Grade Calc - Community Project

I'm still not happy with CIQ Grade calcs. I live in Florida (mostly flat) so I really don't have a lot of real world opportunities to test Grade. On the other hand, these subtle rollers are some of the most challenging use cases to test the algorithm. The problem seems to be that barometric values aren't updated quickly - and then they tend to jump in a step function when they do change.

Even up steeper grades like Colorado passes that I got to ride last weekend, barometric data isn't smooth. A balance is needed between grade being noisey (due to barometric jumps) or slow to respond (due to smoothing out those jumps). I've tried to make the balance factor adaptive. So it detects a slope inversion or a transition to/from flat roads faster.

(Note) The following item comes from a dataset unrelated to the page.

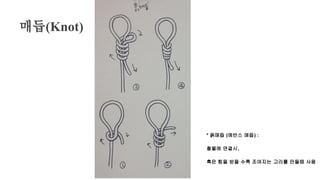 매듭(Knot)
* 옭매듭 (에반스 매듭) :
철물에 연결시,
혹은 힘을 받을 수록 조여지는 고리를 만들때 사용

Even the native grade values are slow to respond. However, Garmin apparently did a lot of work on this problem in the new Garmin EDGE 1050 (according to DC Rainmaker's beta evals) and now the native grade is dramatically better. As soon as you hit a steep grade from a flat road, for example, grade will reflect a legit value, not slowly adjust over 10-15 seconds. Maybe using the accelerometer sensor to assist?

Anyway, Garmin still refuses to expose native Grade to CIQ. So we have to figure this out on our own.

I am thinking about a Community Effort to optimize the CIQ Grade calcs. I'll create a DF that only generates grade, and that writes to the FIT file, with some User Settings for various variables. I'll display the current grade as well as a line graph of grade to show how our algorithm adapts to slope changes, slope inversion, and transitions to/from flat roads. And I can display this and the EDGE's native grade on the same screen to compare.

I'll post the CIQ Code in GIT Hub and allow contributors to check out, and update. I bet we can come up with a barrel pretty quick that does a great job.

This image shows a pretty steep sustained grade (grey is the elevation profile, blue is my current GRADE calc). Now that I write a FIT graph I have more visibility into the dynamics and I clearly need to smooth it a bit more. I had tried a Kalman Filter at one point that also seemed ok, but not good enough.

If you are interested in joining the project, let me know.

  • This is the sort of thing that looks like it might need a higher order fit than quadratic. Maybe try a cubic regression using Crout LU Decomposition. I have an example I wrote as part of a SQL script for a six sigma project decades ago. Most of it is already unrolled, you would only need to loop through the data to calculate the sums of the powers of x. It wouldn't take much to convert it to Monkey C if you're interested.

  • If the above "community" algorithm uses barometer as input then it should be able to test it also on a watch and steps?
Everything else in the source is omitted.